Do Not Adjust Your Set (★★★★★) was created by producer Humphrey Barclay and intended for Rediffusion’s 5:15pm Thursday afternoon children’s slot. Eric Idle, Terry Jones and Michael Palin were given their first break as writer-performers, cannily teamed with David Jason and Denise Coffey. Plus Vivian Stanshall’s Bonzo Dog Doo-Dah Band as house musicians. What could go wrong with such a line-up? Very little, actually: the surviving shows contain much very funny material, and the fact that the series was ostensibly aimed at younger audiences means that it’s aged well. Pythonites will spot early appearances of Palin’s typically unhelpful shopkeeper, and Jones giving us an early incarnation of Mr Gumby.
Everyone’s clearly having a ball, the youthful studio audience lapping it up. Standouts include the "Stool Pigeon" sketch, with Palin as a hapless constable trying to infiltrate a criminal gang, and Jason as a French official sent over to check on the progress of the Concorde aircraft. Jason and Coffey are superb throughout, particularly in their weekly Captain Fantastic inserts, Jason’s bowler-hatted hero battling Coffey’s villainous Mrs Black and her "horrible handbag". The Bonzo Dogs offer fulsome support. "I’m the Urban Spaceman" is still a great song, though one wonders what the young studio audience made of "Tubas in the Moonlight". A second series was commissioned by the newly-formed Thames Television (look out for their iconic ident), where the gang was joined by animator Terry Gilliam.

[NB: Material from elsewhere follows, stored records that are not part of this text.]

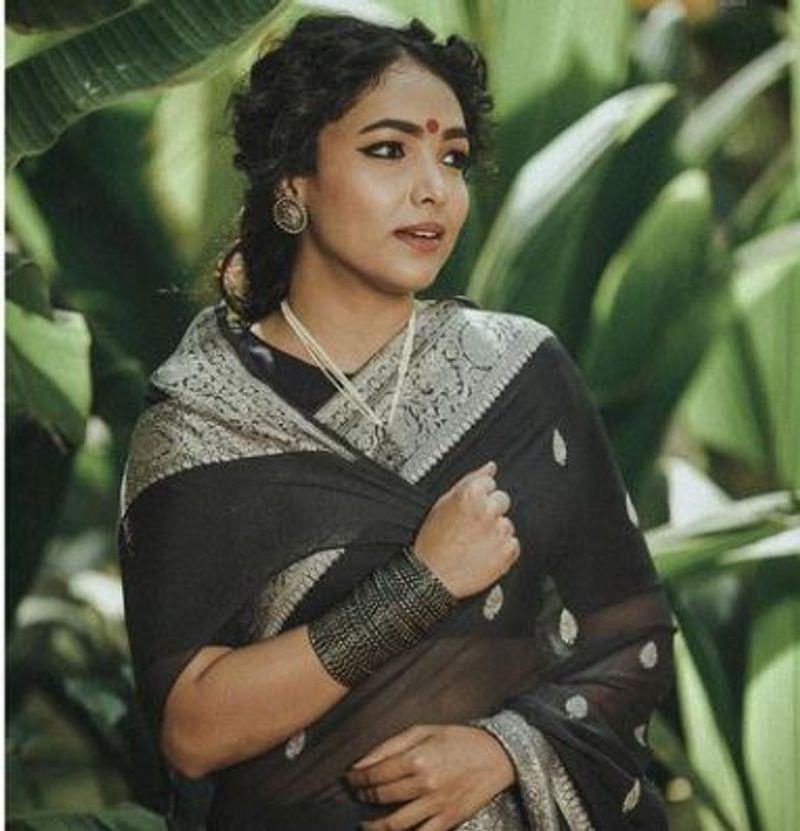 Colors Kannada Raja Rani anchor Anupama Gowda in retro look vcs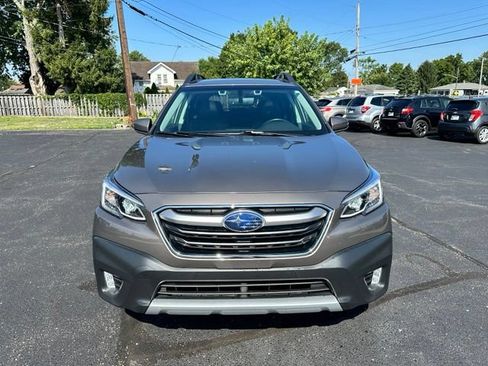Used 2022 Subaru Outback Limited w/ Popular Package #2 AWD/4WD image 2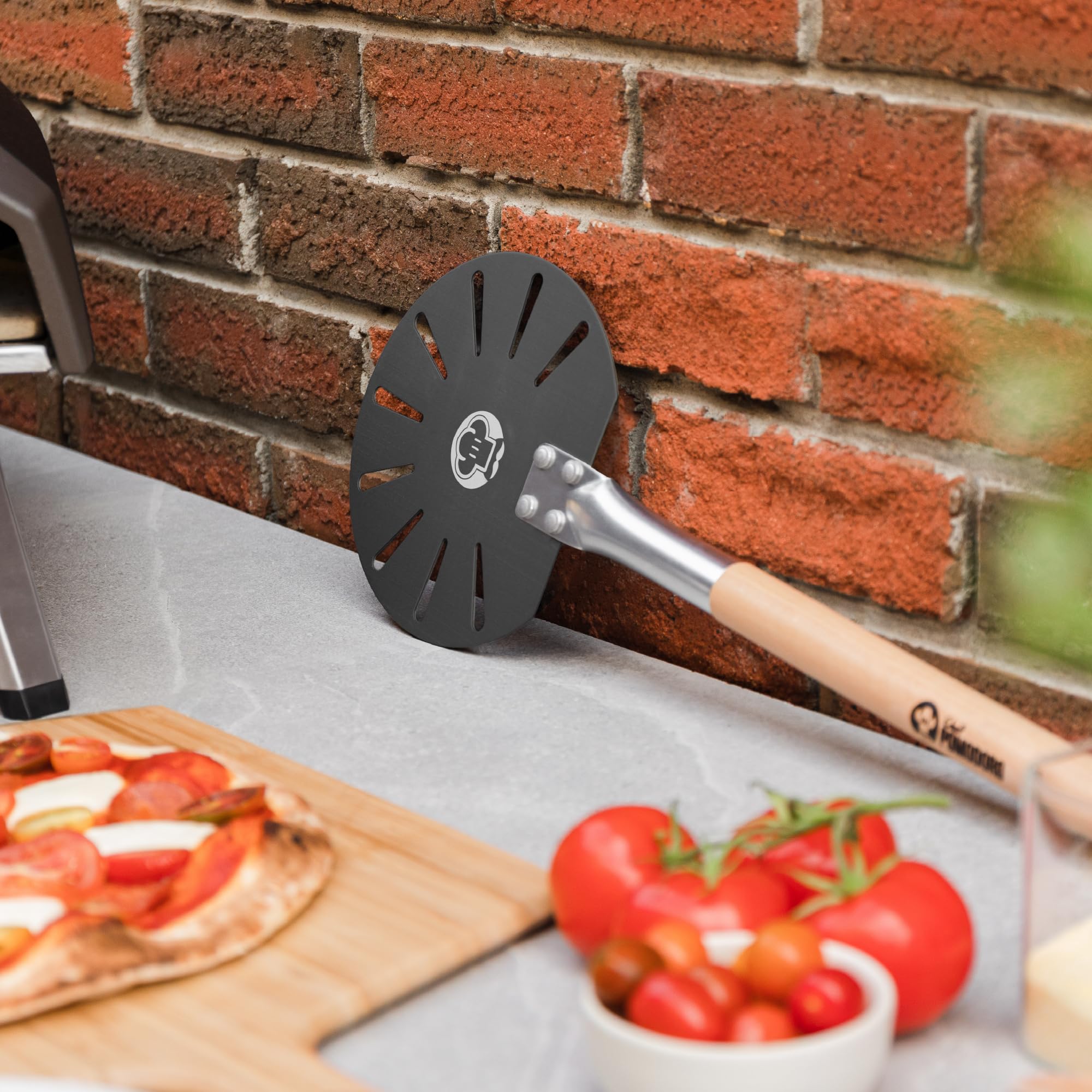 Chef Pomodoro compact storage friendly turning peel fits small kitchens.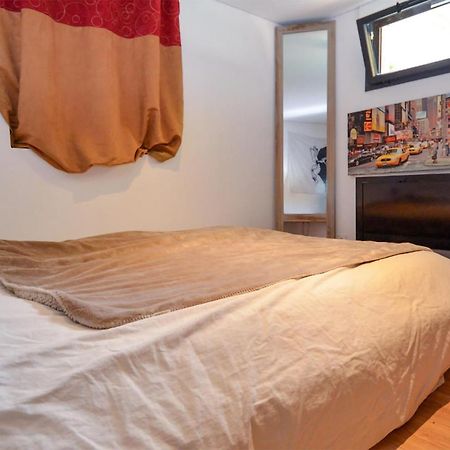 Awesome Apartment In Pujaut With Swimming Pool 外观 照片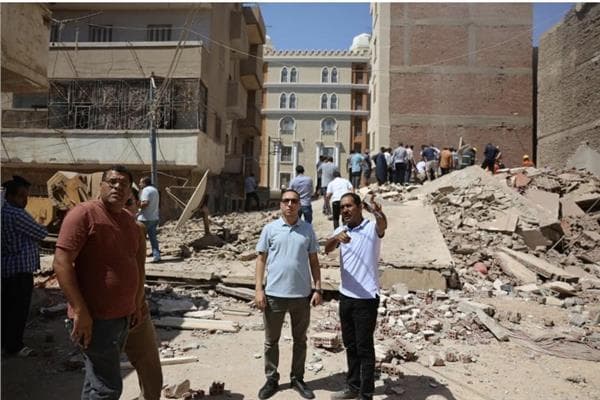 Al-Minya governor reviews Ezzat Shahin house collapse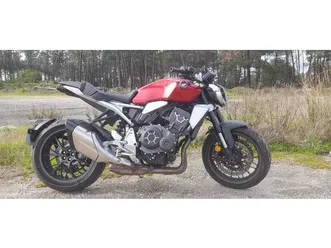 honda cb 1000r pequena queda a circular fernão ferro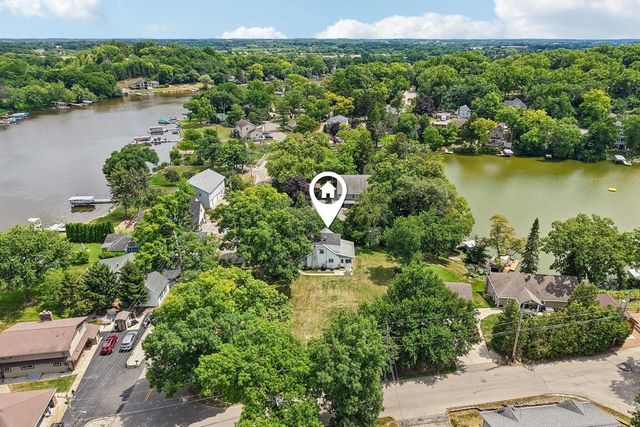 4424 Riverside ROAD, Waterford, WI 53185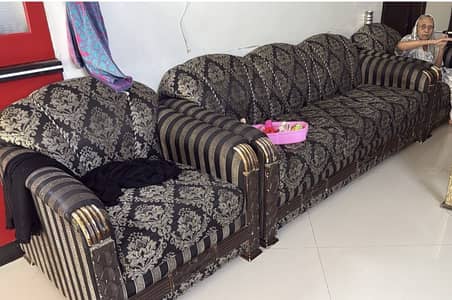 Stylish 5 seater sofa set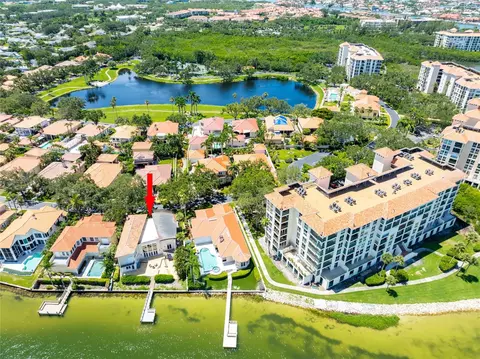 4703 Dolphin Cay Ln S, Saint Petersburg, FL 33711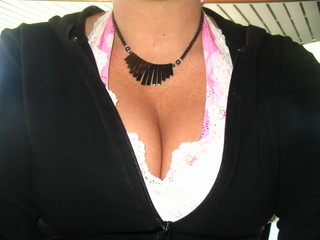 ThickNSexy25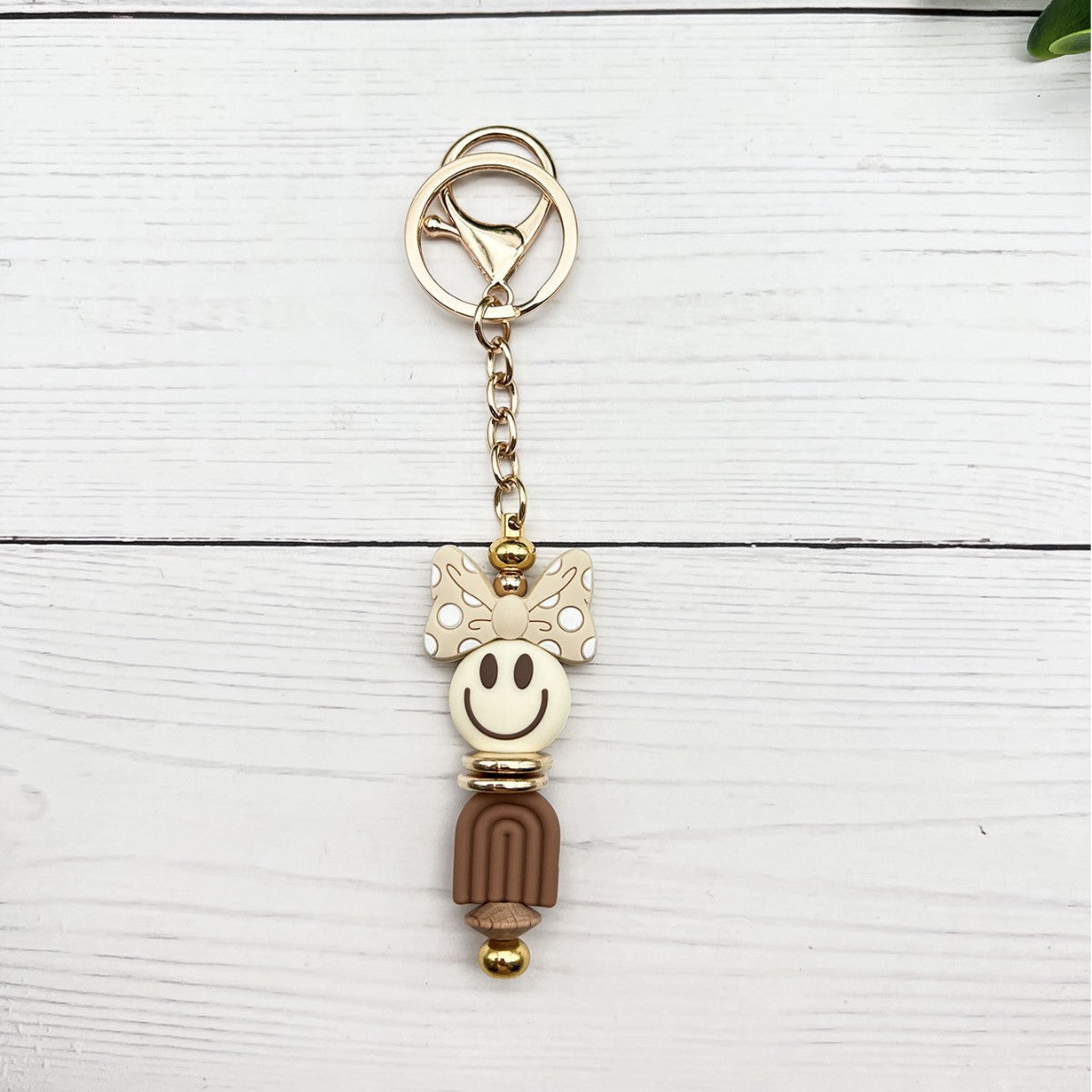 Wholesale New Cute Smiley Dot Bow Silicone Beaded Keychain Bag Key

Little of his work on the show survives, though we do get to see his sublime "The Christmas Card" in context.
At Last the 1948 Show (★★★, pictured right) starred John Cleese, Graham Chapman and Tim Brooke-Taylor, as well as kick-starting Marty Feldman's onscreen career. David Frost wasn’t sure about unleashing Feldman on the public (“I’m not sure people will accept his eyes”), though Feldman’s contributions hold up very well, whether he’s smashing valuable antiques or tormenting Cleese’s tetchy commuter. The tiny but matchless sight gag in the final episode, where Feldman as “the French trade union leader, Anistide Boulet” makes rude faces at Cleese’s newsreader, stands up to repeated viewings. It’s nice to see an early incarnation of the "Four Yorkshiremen" sketch, later performed in Python live shows, and the show’s sadly underused hostess Aimi MacDonald even gets to say “And now for something completely different...” But the caustic, snarky tone of much of the material begins to grate. What we see is diverting, and invariably entertaining, but not always that funny.
Image quality is inevitably variable, though the restorers have done a superb job with At Last the 1948 Show, the missing sections filled in with sound recordings and script pages. Booklets and bonus features are excellent in both sets. Palin reveals that Italian waiters about to start their evening shifts were big fans of Do Not Adjust Your Set, and there are interesting contributions from Brooke-Taylor and Cleese. There’s also plenty of Bonzo Dog footage and some Terry Gilliam material scanned from the director's own masters. Essential viewing.